**Problem statement:** Of all the lines in the entries below, give again exactly those starting at the line containing "Έτσι γεννήθηκε η πρώτη μαύρη Barbie" and ending at the line containing "Furnace Draft Inducer", both ends included, and no others.

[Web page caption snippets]
--- START ---

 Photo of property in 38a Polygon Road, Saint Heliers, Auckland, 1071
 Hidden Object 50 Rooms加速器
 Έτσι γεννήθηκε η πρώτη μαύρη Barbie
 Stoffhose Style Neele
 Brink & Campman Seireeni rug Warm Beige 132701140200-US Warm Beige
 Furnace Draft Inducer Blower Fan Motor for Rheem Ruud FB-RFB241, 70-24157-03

--- END ---
--- START ---

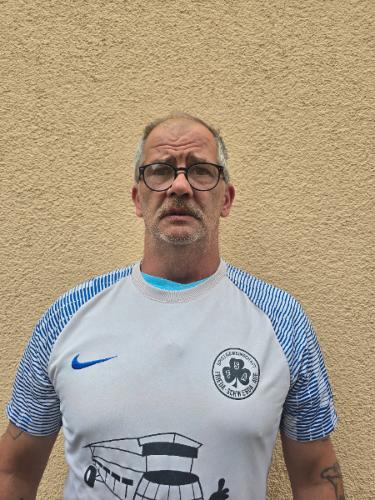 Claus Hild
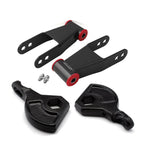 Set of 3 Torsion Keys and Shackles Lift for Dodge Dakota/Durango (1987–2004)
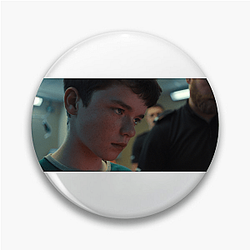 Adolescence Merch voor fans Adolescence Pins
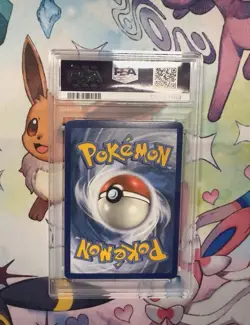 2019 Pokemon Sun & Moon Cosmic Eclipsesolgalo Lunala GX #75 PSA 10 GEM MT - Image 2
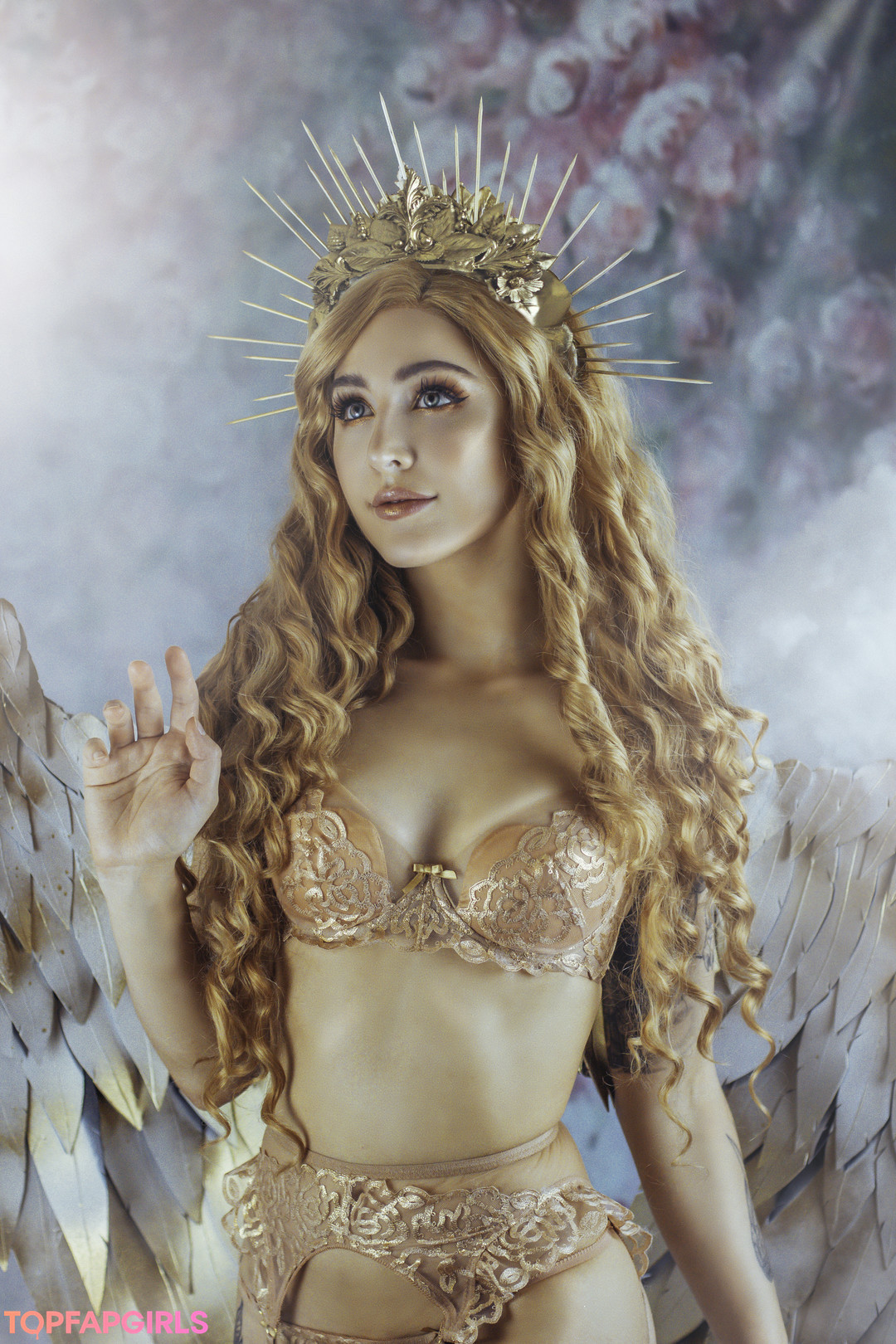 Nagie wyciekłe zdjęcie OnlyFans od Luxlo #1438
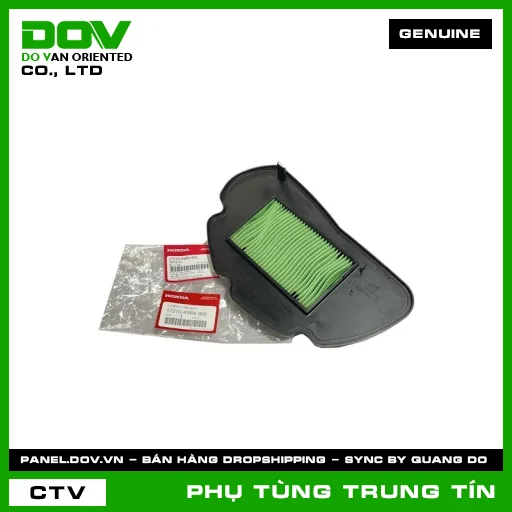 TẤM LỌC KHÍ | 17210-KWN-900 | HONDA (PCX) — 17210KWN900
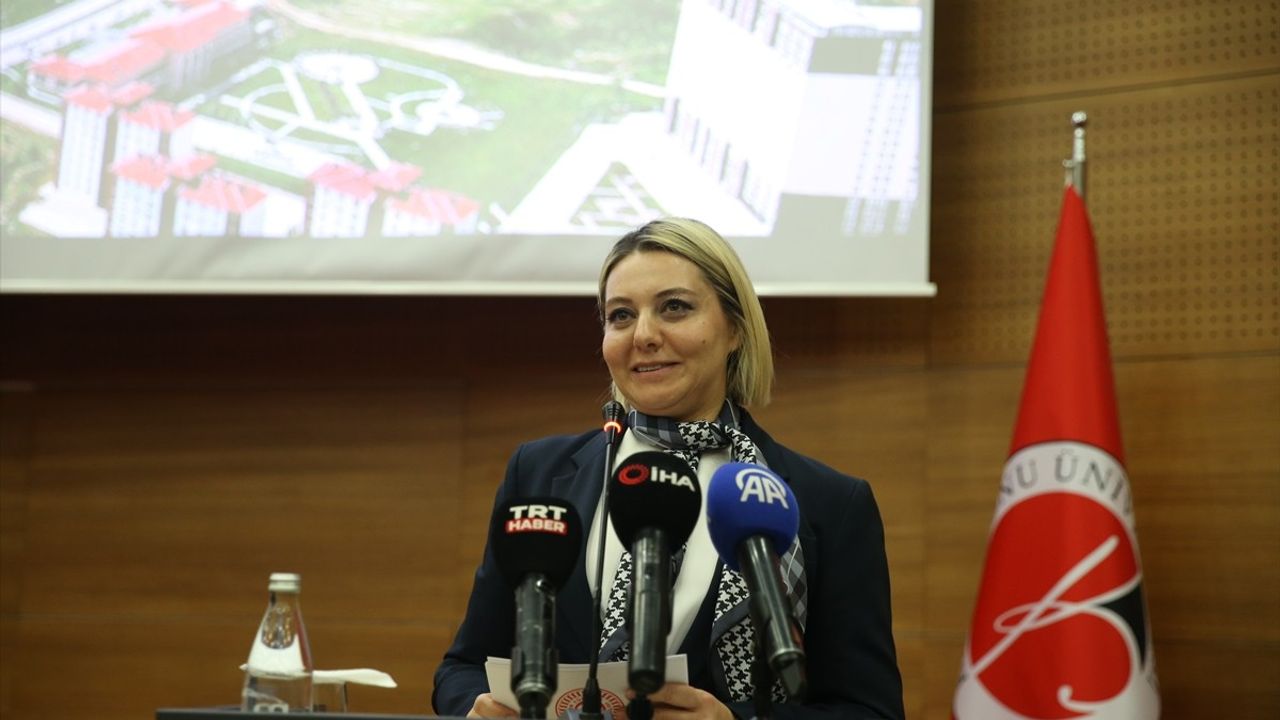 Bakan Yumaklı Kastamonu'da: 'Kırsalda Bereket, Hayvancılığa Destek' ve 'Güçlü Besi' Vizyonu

--- END ---
--- START ---

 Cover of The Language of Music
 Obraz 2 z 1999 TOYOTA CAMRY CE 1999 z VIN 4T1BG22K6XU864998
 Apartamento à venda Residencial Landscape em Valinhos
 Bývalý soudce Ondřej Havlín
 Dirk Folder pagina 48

--- END ---

**Solution to the exercise:**
 Έτσι γεννήθηκε η πρώτη μαύρη Barbie
 Stoffhose Style Neele
 Brink & Campman Seireeni rug Warm Beige 132701140200-US Warm Beige
 Furnace Draft Inducer Blower Fan Motor for Rheem Ruud FB-RFB241, 70-24157-03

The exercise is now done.